His deployment lasted from March 1 to Oct. 1. He returned to Camp Pendleton, Calif., where he is part of the Marines' 1st Battalion, 5th Marine Regiment, which is in the First Marine Division.

Herdener will return Thanksgiving Day to Gainesville and plans to stay eight days before returning to Pendleton.

During his stay, he will speak at An Evening of Thanks and Remembrance, set for Nov. 28 at Riverside Military Academy in Gainesville.

The event is intended as a thank-you to the Gainesville community for its support of "Operation Shaving Cream."

Earlier this year, area residents raised money for shaving cream cans and shipped them to Herdener and fellow Marines, who used them to mark possible bomb sites.

"It was great to see Gainesville get involved and study up, basically, on what was going on (in the war)," Herdener said.

The Riverside event also is meant to "acknowledge the men and women in service in the ongoing wars in Iraq and Afghanistan, and to remember those who sacrificed all," according to program notes provided by Lt. Col. Kevin Jarrard, the school's commandant of cadets.

Herdener said he has paused to reflect on how much the U.S. has poured itself into Afghanistan, America's longest war.

"Our country has invested a lot of money, time and blood on that soil," he said. "I think it's great that Osama bin Laden got killed, but at the same time, that's not the end. The end is denying these other people the safe haven to conduct terrorist acts."

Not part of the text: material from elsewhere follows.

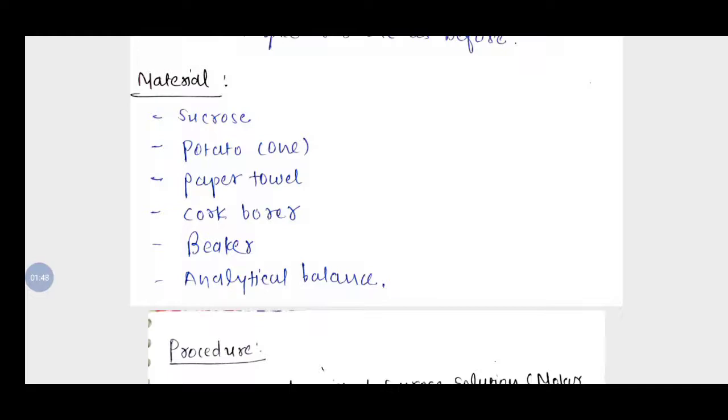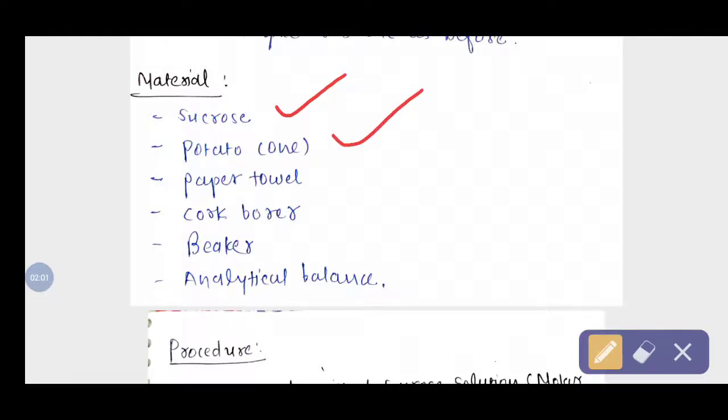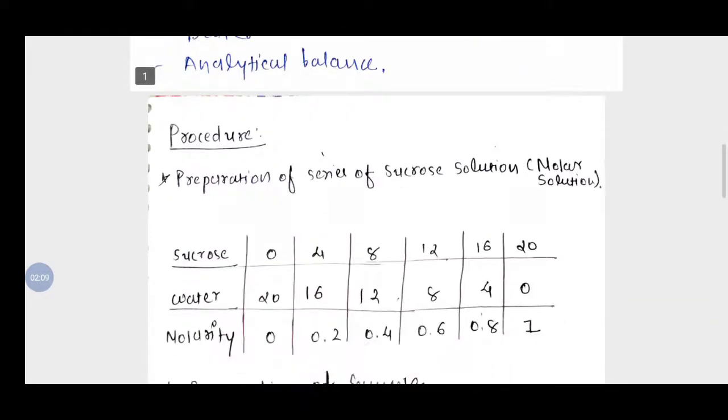Now we will discuss the materials used in the tissue weight method. These are: sucrose (for making different molar solutions), one potato, paper towel, cork borer, and an analytical balance.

Smith said he believes America should have finished off the war in Afghanistan years ago.

"We've got technology, but the officials won't let them use it," he said.

"We shouldn't have been there 10 years. Look what we did in four years (during World War II) - we whipped Germany and the Japanese and we didn't have the technology that we do now.

"I can't understand that war over there now. I can't understand these young people protesting," Smith. "I'm too old-fashioned, I guess."